Quindi quale sarebbe la situazione?
La politica dovrebbe rivedere il sistema di prevenzione. Ma non credo voglia farlo. Faccio un esempio. Quando il legislatore doveva capire come modificare il Codice antimafia, si rivolgeva alla Saguto in Parlamento. Se questa sentenza fosse spunto per rivedere le misure di prevenzione, allora sarebbe un bene. Ma non è così che viene presentata. Piuttosto Saguto viene etichettata come la mela marcia in un sistema perfetto. Non viene messa in discussione la legittimità dei sequestri e delle confische. Si dirà che il sistema ha gli anticorpi ma non si mette in discussione l’operato di Saguto sui sequestri e sulle confische che faceva.

Cioè?
Ho letto tutte le intercettazioni ambientali e telefoniche acquisite nel processo di Caltanissetta. Si vuole fare passare l’ex giudice come colei che non pagava la spesa, che comprava la laurea per il figlio, che faceva favori ai colleghi. Questo è solo un contorno. Saguto sequestrava patrimoni senza sapere cosa stesse sequestrando. Questo è l’elemento che ritengo più grave. Ci sono intercettazioni in cui i giudici si mettevano d’accordo con i pubblici ministeri sulle prove da fare entrare nei processi per fare le confische.

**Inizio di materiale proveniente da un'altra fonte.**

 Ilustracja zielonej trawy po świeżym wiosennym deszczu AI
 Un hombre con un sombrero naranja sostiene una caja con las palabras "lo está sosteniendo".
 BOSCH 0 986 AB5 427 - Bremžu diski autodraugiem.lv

Prove per dimostrare accuse false in partenza. La sua famiglia, ad esempio, è stata accusata di associazione mafiosa.
È un dato di fatto che con questa accusa, spesso ingiusta, si sia azzerata molta dell’economia siciliana. All’interno dell’amministrazione giudiziaria ci lavoravano parenti di giudici, figli di giudici, amici. Era diventato un ufficio di collocamento per magistrati. Col pretesto della mafia si è generato un sistema in grado di trarre profitto.

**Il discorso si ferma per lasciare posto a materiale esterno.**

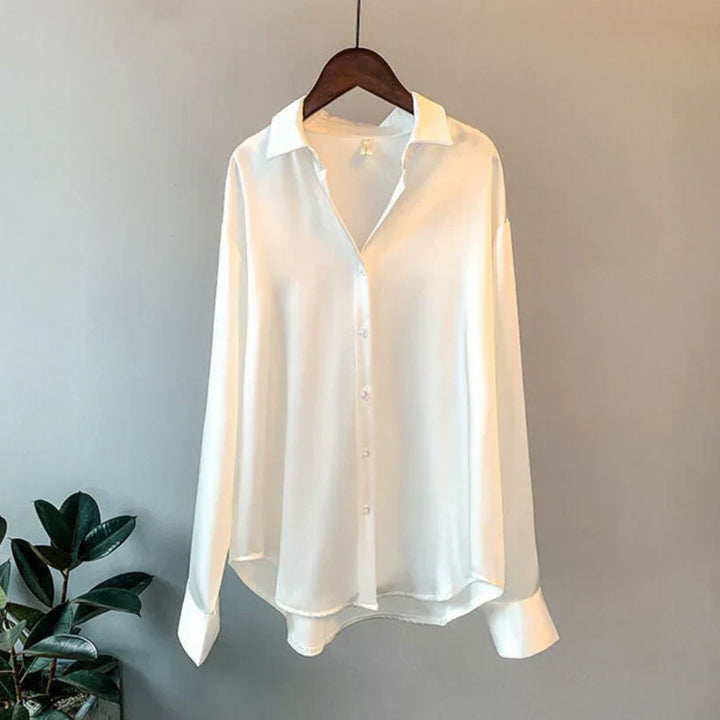 Stylish Satin Women's Blouse - Elina-White-S-The Livary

Questa sentenza, secondo lei, può essere un punto di partenza o no?
Secondo me è già un’occasione persa proprio perché si parla di “sistema Saguto”. Parliamo piuttosto di misure di prevenzione, di aziende in amministrazione giudiziaria, di imprenditori che hanno subito il sequestro nonostante le assoluzioni. Questa condanna non modificherà di una virgola un sistema fallimentare.

Cosa le ha lasciato dentro questa vicenda?
Tanta amarezza. Mi ha ferito quando l’ex giudice nelle intercettazioni aveva deciso di confiscare il nostro patrimonio senza neanche avere letto la perizia. Mi ha fatto male sentire che voleva mettersi d’accordo con il pm sui documenti da far entrare nel processo per confiscare i beni. La legge dev’essere modificata. E dev’essere chiara per evitare che si rovinino altre famiglie.